Just as we call the Eucharist a sacrament, if we will allow Jesus to take us, bless us, and give us, our lives become a living sacrament. I am sure many of you remember the definition of a sacrament that you memorized in confirmation class. A sacrament is an outward and visible sign of an inward spiritual truth. When we allow Jesus to take us, bless us, and give us, the abundant good we do out in the world with our lives is an outward and visible sign of the inward spiritual truth that Christ is in us. Christ is in us taking ownership of our lives, blessing us with his love and grace so that we are empowered give ourselves to those in need around us. What we do in church ritualistically is intended to happen literally as we leave church and be Christ in the world—that’s the abundance of Eucharistic living. As I have said many times before, church work is done outside the walls of the church.

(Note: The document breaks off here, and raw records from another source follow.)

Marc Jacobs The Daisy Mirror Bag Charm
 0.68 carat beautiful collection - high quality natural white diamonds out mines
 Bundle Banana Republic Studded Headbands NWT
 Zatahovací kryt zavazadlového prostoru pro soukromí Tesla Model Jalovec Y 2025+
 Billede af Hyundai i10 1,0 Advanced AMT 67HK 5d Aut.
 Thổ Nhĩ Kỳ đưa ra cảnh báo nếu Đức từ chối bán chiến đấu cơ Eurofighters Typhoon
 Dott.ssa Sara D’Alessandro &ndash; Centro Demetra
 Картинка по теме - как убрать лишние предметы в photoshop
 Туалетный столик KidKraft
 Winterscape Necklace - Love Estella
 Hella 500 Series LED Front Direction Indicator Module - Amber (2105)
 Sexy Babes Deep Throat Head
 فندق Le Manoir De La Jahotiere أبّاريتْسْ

Henri Nouwen, the late Catholic priest and author, writes, “Imagine yourself as being deeply convinced that your love…your kindness to your friends and your generosity to the poor are little mustard seeds that will become strong trees in which many birds can build their nests! Imagine that, in the center of your heart, you trust that your smiles and handshakes, your embraces and your kisses are only the early signs of a worldwide community of love and peace!” Jesus wants you to be a living sacrament. Jesus wants to do a miracle through your life—a miracle that like a stone that falls in a pond blesses more and more people through ever expanding circular waves.
Do you believe in miracles? Do you believe that through you God can do more good than you ever thought possible? Do you believe that God will accomplish things through your life that will bless people in ways beyond imagination? I know I do. To many times, God has accomplished what I thought was impossible in my own life and experience.
Let me share a final thought. There is an interesting and perhaps even odd moment at end of this lesson. John tells us that after all had eaten and were totally satisfied Jesus asks his disciples to gather up all the leftovers and when they did this twelve baskets full of food are left. Now my parents always take the leftovers home when we eat out. It’s kind of annoying really. Most of the time they end up in the fridge and no one eats them, so they get thrown out a week later when they begin to change colors. You know what I am talking about. So why does John mention the leftovers—to demonstrate that Jesus is not a wastrel? Perhaps. I wouldn’t expect Jesus to be wasteful, but I don’t think that’s John’s point. I think John is saying that when Jesus takes, blesses, and gives us to the world everyone eats to the point of satisfaction with leftovers to feed even more if necessary. In other words, God’s grace that moves through us and out to the world overflows with abundance. You see not just the 5000 are fed—there are leftovers too! Everyone’s heart is satisfied and there is still more grace leftover for anyone else who might show up.
You are a sacrament. You are a blessing to many. You are a miracle. Amen.